In [26]:
import pandas as pd
from pandas.api.types import CategoricalDtype
import numpy as np

## 1. Load & Preview Data

In [27]:
# Load the CSV
df = pd.read_csv("../data/Telco_Customer_Churn_cleansed.csv")

# Quick preview
df.head()

Unnamed: 0,customerID,gender,SeniorCitizen,Partner,Dependents,tenure,PhoneService,MultipleLines,InternetService,OnlineSecurity,...,DeviceProtection,TechSupport,StreamingTV,StreamingMovies,Contract,PaperlessBilling,PaymentMethod,MonthlyCharges,TotalCharges,Churn
0,7590-VHVEG,Female,0,Yes,No,1,No,No phone service,DSL,No,...,No,No,No,No,Month-to-month,Yes,Electronic check,29.85,29.85,No
1,5575-GNVDE,Male,0,No,No,34,Yes,No,DSL,Yes,...,Yes,No,No,No,One year,No,Mailed check,56.95,1889.5,No
2,3668-QPYBK,Male,0,No,No,2,Yes,No,DSL,Yes,...,No,No,No,No,Month-to-month,Yes,Mailed check,53.85,108.15,Yes
3,7795-CFOCW,Male,0,No,No,45,No,No phone service,DSL,Yes,...,Yes,Yes,No,No,One year,No,Bank transfer (automatic),42.3,1840.75,No
4,9237-HQITU,Female,0,No,No,2,Yes,No,Fiber optic,No,...,No,No,No,No,Month-to-month,Yes,Electronic check,70.7,151.65,Yes


## 2. 🔧 Feature Engineering

In [28]:
#Chrun by dependents and Partner seemed similar hence the creation of a combined feature
df['HasPartnerOrDependents'] = ((df['Partner'] == 'Yes') | (df['Dependents'] == 'Yes')).astype(int)


In [29]:
#cleaner column names
df = df.rename(columns={'SeniorCitizen': 'IsSeniorCitizen'})


In [30]:
df[['HasPartnerOrDependents', 'IsSeniorCitizen']].head()

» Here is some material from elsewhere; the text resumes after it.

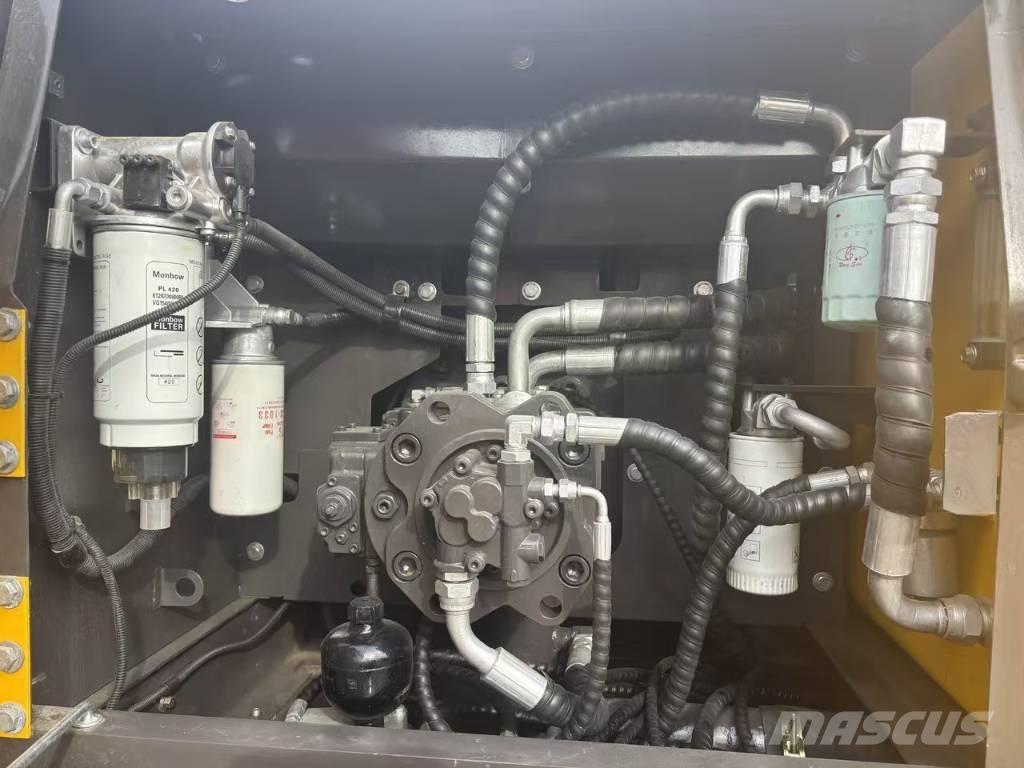 Volvo EC 240 Paletli ekskavatörler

Unnamed: 0,HasPartnerOrDependents,IsSeniorCitizen
0,1,0
1,0,0
2,0,0
3,0,0
4,0,0


### 📝 Justification for `TenureGroup` Feature

Based on the `churn_by_tenure_histogram.png` from the EDA phase, we identified three distinct behavioral patterns among customers at different stages of their lifecycle:

- **New (tenure < 6 months)**: High churn rates likely driven by onboarding or early experience issues.
- **Early (6–18 months)**: Customers still in the decision-making period, where churn remains elevated but begins to stabilize.
- **Loyal (18+ months)**: Customers who are more stable and significantly less likely to churn.

Segmenting tenure in this way enables us to capture potential retention opportunities and improve model interpretability by aligning with real customer lifecycle trends.

In [31]:
def categorize_tenure(tenure):
    if tenure <= 6:
        return 'New'
    elif tenure <= 18:
        return 'Early'
    else:
        return 'Loyal'

df['TenureGroup'] = df['tenure'].apply(categorize_tenure)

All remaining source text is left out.